Who’s to say many, if not a majority, of the shareholders wouldn’t buy the discounted shares then side with Musk on the takeover, giving him more than enough muscle to pull it off?

    arbiter9605 in reply to Reno232. | April 15, 2022 at 11:35 pm

    Easier path just get 3 other people that along with musk each by 13 % so pill strat can’t go off and you got 4 people that own 52% of the company boom fire the CEO and everyone on the board.

      arbiter9605 in reply to arbiter9605. | April 15, 2022 at 11:36 pm

      True irony and comedy would be get Trump to come in and say “you’re fired”

      The big issue is whether the other major shareholders, largely investment firms, will wake up. They will either fulfill their own fiduciary responsibilities to their own shareholders and back Musk or this will be the death of shareholder capitalism. Klaus Schwab: “You will own nothing and be happy”.

      I think Musk caught everyone off guard and they weren’t ready to so quickly be on the defensive. We are about to find out what America is made of. Is the moral character to fight fascism still there when we are fighting domestic enemies? Or is it just an oath that is meaningless since so many don’t believe in God anymore? Where do our rights come from again? There is a lot of waking up to do by everyone across the board.

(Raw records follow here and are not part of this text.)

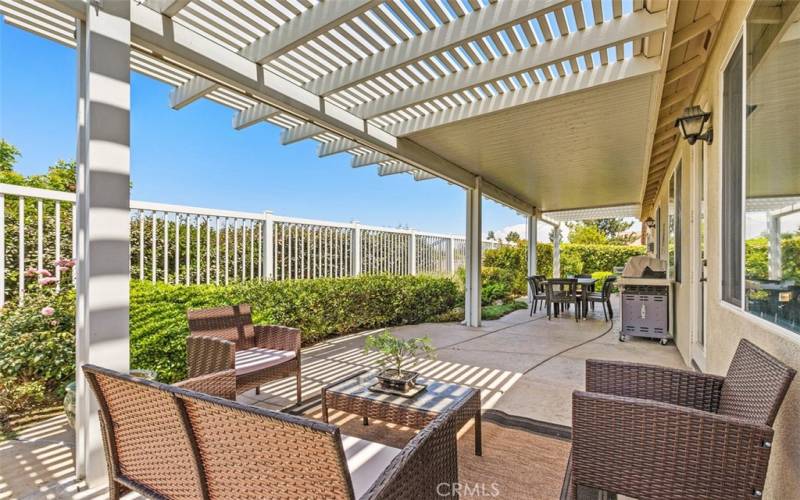 Back yard covered patio and garden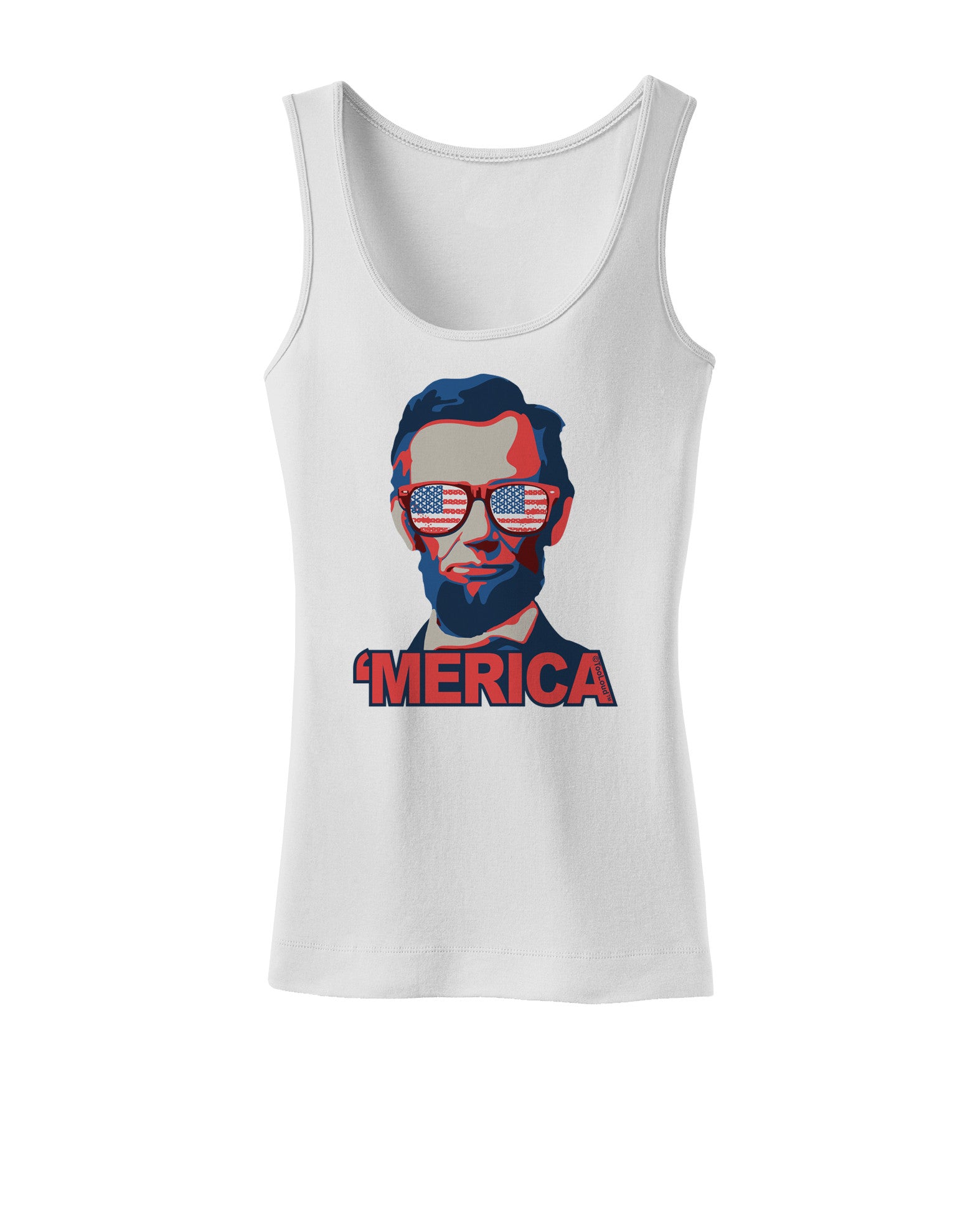Lincoln Merica Womens Petite Tank Top-TooLoud-White-X-Small-Davson Sales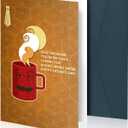 3 x Linelglobal Father's Day Card for Husband with Envelope, Happy Father's Day Card from Wife, Concentric Circles Design with Tie & Coffee Pattern, Thoughtful Gift for Husband from Wife, Brown, 1 Count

MoeHowardwasright | April 16, 2022 at 5:40 am

The board will fight this not because of any previous congressional testimony. They will fight because they have to prevent the public at large from knowing conclusively that our government is the largest backer of twatter. You don’t hear Dorsey speaking about Musk. None of the other board members are even being interviewed about this issue. Not even a “no comment”. As my mother used to say, “silence is deafening isn’t it”.

I think people are missing a couple of points.
1). Notice the experation date of the poison pill. It’s after the midterms. The main reason they are fighting off Musk is the Board fears free speech and wants to continue censoring “wrong think”

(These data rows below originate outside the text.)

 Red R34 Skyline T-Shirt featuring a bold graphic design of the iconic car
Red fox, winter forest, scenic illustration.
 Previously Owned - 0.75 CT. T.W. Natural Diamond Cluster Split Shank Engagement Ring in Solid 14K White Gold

2). Shareholder lawsuits. It only takes one and the worlds richest man owns nearly 10% of the stock. Going to be a very bad day picking this fight with someone who’s net worth is greater than your entire company if he decides to go to the end with you. No matter how good your lawyers are, Musk can hire 10 even better

How is this not a violation of their fiduciary duty to the shareholders?

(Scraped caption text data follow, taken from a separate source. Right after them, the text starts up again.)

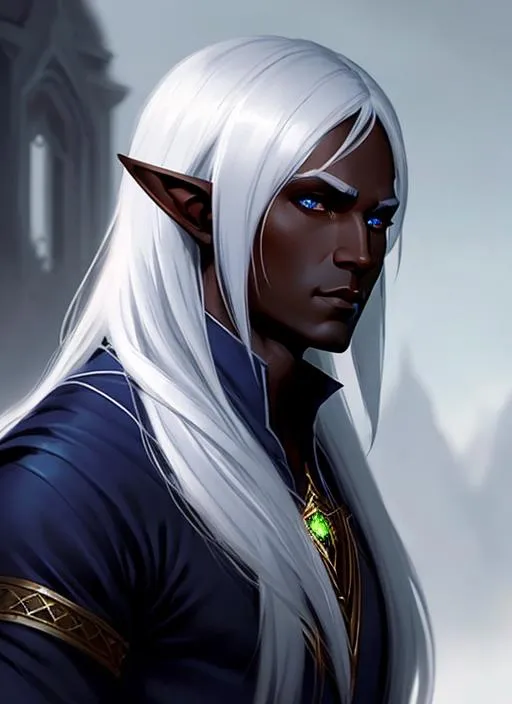 Prompt: Drow Elf, male, trending on artstation, Greg Rutkowski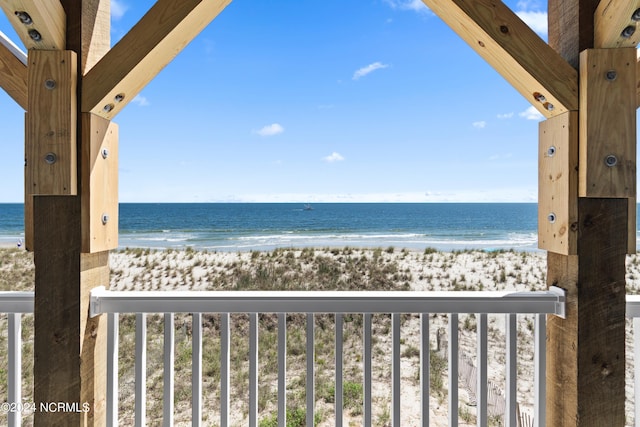 property view of water with a beach view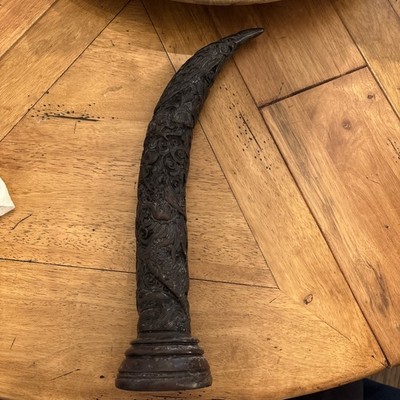 Hand Carved Asian Water Buffalo 16 Inch Horn Had Carved Asian Design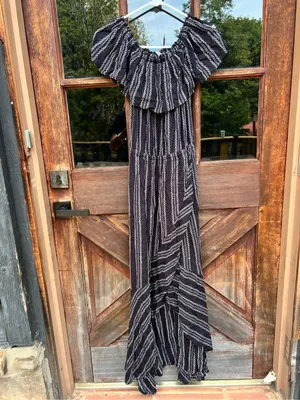 Elan Black White Striped boho cottagecore Linen Style Maxi Dress Medium $125 thumbnail 5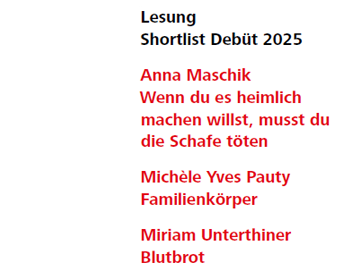 Österreichischer Buchpreis / Debütpreis 2025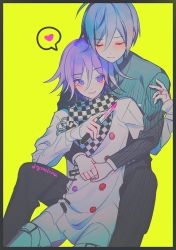Rule 34 | 2boys, alternate hair color, black border, blood, border, buttons, checkered clothes, checkered scarf, closed mouth, danganronpa (series), danganronpa v3: killing harmony, double-breasted, grey jacket, hair between eyes, heart, highres, jacket, jewelry, knee up, long sleeves, male focus, medium hair, multiple boys, oma kokichi, parted lips, pink blood, pink hair, rina (crystalrina), ring, saihara shuichi, scarf, short hair, simple background, smile, spoken heart, striped clothes, striped jacket, teeth, yaoi, yellow background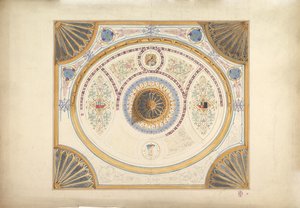 Design för tak med två porträtt och fläktstöd vid hörn, 1800-talet. av John Gregory Crace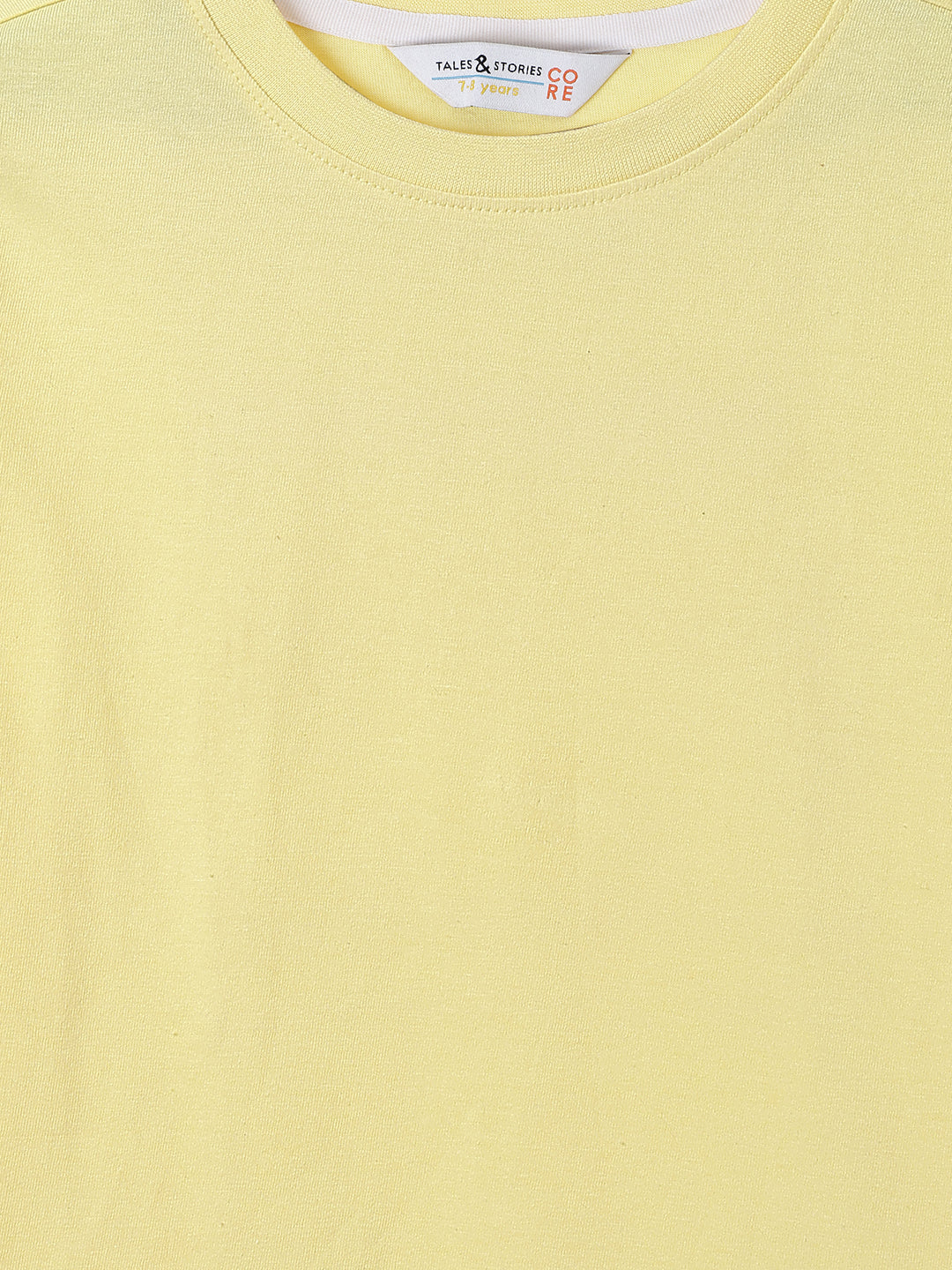 Boys Yellow Cotton Regular Solid T-shirt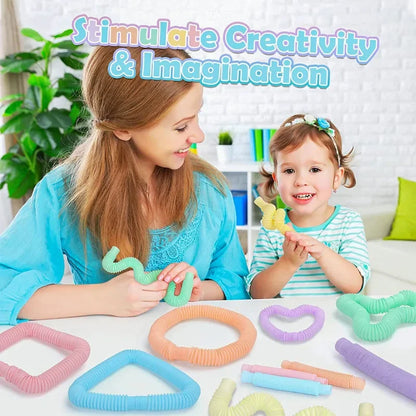 6 Pcs/Pack Pop Tubes Sensory Toys Fidget Pop Tube Stress Relief Decompression Finger Toy Telescopic Tube for Kids Teenager Gifts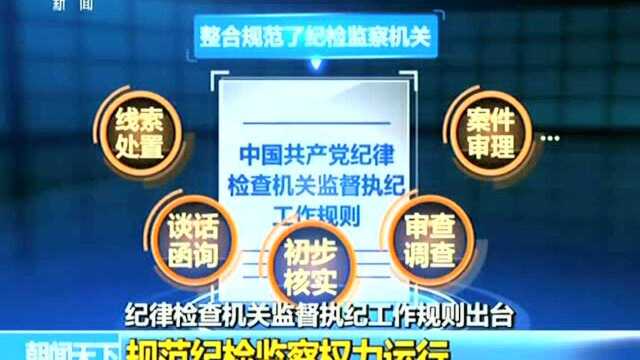 纪律检查机关监督执纪工作规则出台 规范纪检监察权力运行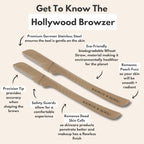 Hollywood Browzer Dermaplaning Face Razor for Women - Facial Hair Remover - Peach Fuzz - Eyebrow Shaper - Precision Blade Sensitive Skin Care for Upper Lip Chin -Travel Size Grooming Kit - Gold - 2 pc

I guess the Twitter board and the Oberlin board are interchangeable.

This is a question for anyone who understands securities law —

This ‘poison pill’ (and all poison pills?) works by giving Twitter stockholders (but not the stockholder attempting the hostile purchase) the right to buy additional stock at a below-market price[1]. “A key proviso [of this poison pill] is that ‘the person, entity, or group triggering the rights plan’ will not be able to exercise these rights”.

Question 1: Doesn’t the board’s fiduciary duties extend *equally* to *all* stockholders? Ie. the execution of the poison pill acts prejudicially against the value of the stock owned by the party attempting to execute the takeover by diluting the value of their holdings.

Question 2: If Twitter’s board implements the poison pill and Musk terminates his takeover attempt and sells his Twitter holding and the price of Twitter’s stock declines to its value prior to Musk’s purchase then isn’t Twitter’s board exposed to a multi-billion dollar shareholder lawsuit?

Ref. https://www.investopedia.com/twitter-adopts-shareholder-rights-plan-5226072

[1] Can anyone parse this “Each right will entitle its holder to purchase, at the then-current exercise price, additional shares of common stock having a then-current market value of twice the exercise price of the right.”

I am really ignorant on this issue. How can a company issue stock AND set its price AND say who can but them? If they can do this, why doesn’t the board issue ten gazillion shares at a penny a share and have a proxy buy them all. Then the proxy would own and control the company. Why is there a SEC if they can’t make them play fair?

    Barry in reply to oldvet50. | April 17, 2022 at 6:51 pm

    The game is rigged by the government. What they are currently doing is trying to keep you from understanding how deeply it’s rigged.